Question

The heights of two cones are in the ratio 3:2 and their radii are in the ratio 2:7.

Find the ratio of their volume.​

Answer 1

GIVEN :-

• Ratio of Height of cone = 3:2.
• Ratio of Radii of cone = 2:7.

TO FIND :-

• The ratio of volume.

SOLUTION :-

Let the ratio constant be "x".

Let the volume of first cone be "v" and the volume of second cone be "v'".

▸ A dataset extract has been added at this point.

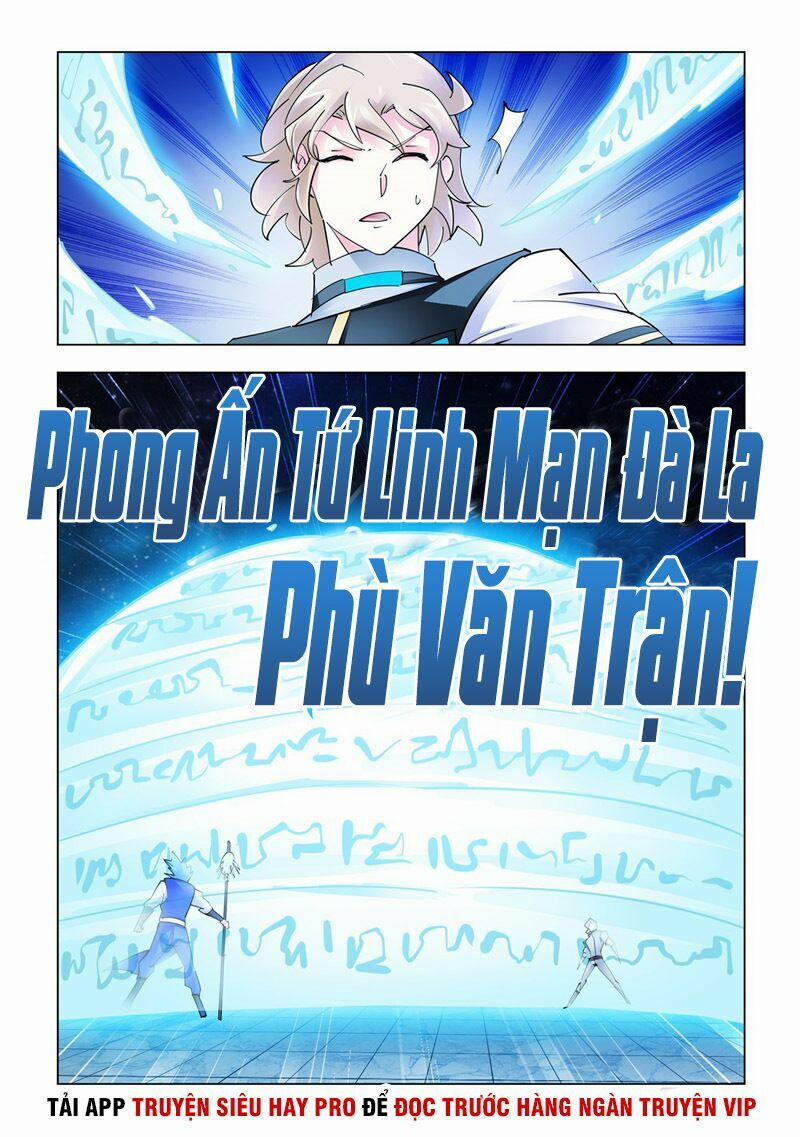 Đấu Chiến Cuồng Triều 270 trang 5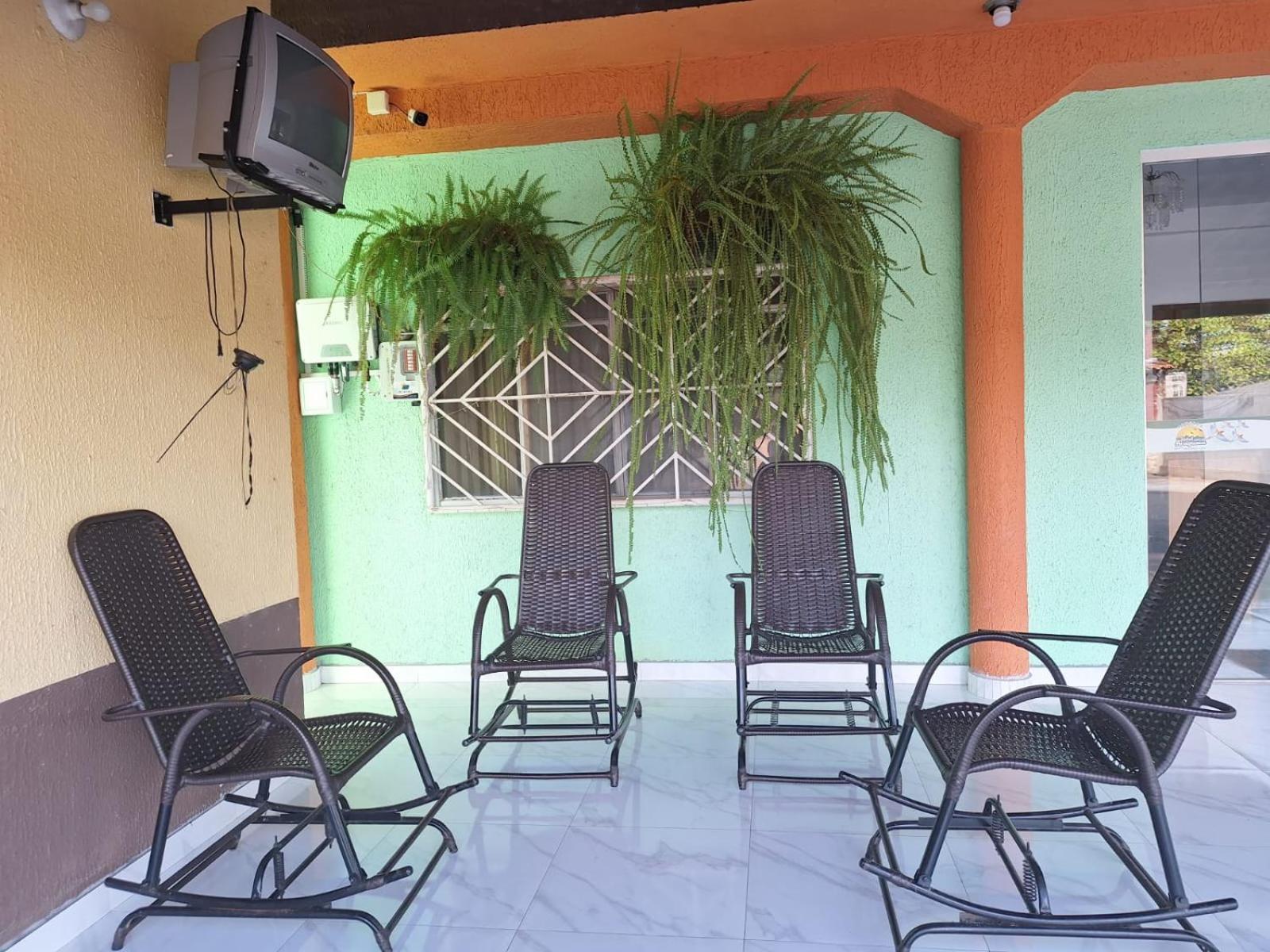 Pousada Hotel Araguaia Aragarcas Zewnętrze zdjęcie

$\\ \underline{ \bigstar \: \textsf{According to the Question}}$

$: \implies \displaystyle \sf \: \frac{v}{v'} = \frac{\pi r ^{2} \dfrac{h}{3} }{\pi r'^{2} \dfrac{h'}{3} }$

$: \implies \displaystyle \sf \: \frac{v}{v'} = \frac{\pi \times (2x) ^{2} \times \dfrac{3x}{3} }{\pi \times (7x) ^{2} \times \dfrac{2x}{3} }$

$: \implies \displaystyle \sf \: \frac{v}{v'} = \frac{ 4x^{2} \times \dfrac{3x}{3} }{ 49x^{2} \times \dfrac{2x}{3} }$

$: \implies \displaystyle \sf \: \frac{v}{v'} = \frac{ 4 \times \dfrac{3x}{3} }{ 49 \times \dfrac{2x}{3} }$

$: \implies \displaystyle \sf \: \frac{v}{v'} = 4 \times \frac{3x}{3} \times \frac{1}{49} \times \frac{3}{2x}$

$: \implies \displaystyle \sf \: \frac{v}{v'} = 4 \times 3x \times \frac{1}{49} \times \frac{1}{2x}$

$: \implies \displaystyle \sf \: \frac{v}{v'} = \frac{12x}{98x}$

$: \implies \displaystyle \sf \: \frac{v}{v'} = \frac{12}{98}$

$: \implies \displaystyle \sf \: \frac{v}{v'} = \frac{6}{49}$

$: \implies \underline{ \boxed{\displaystyle \sf \: {v}:{v'} = 6:49}}$

Answer 2

Let r1 and r2 be cone radius and similarly h1 and h2 be heights.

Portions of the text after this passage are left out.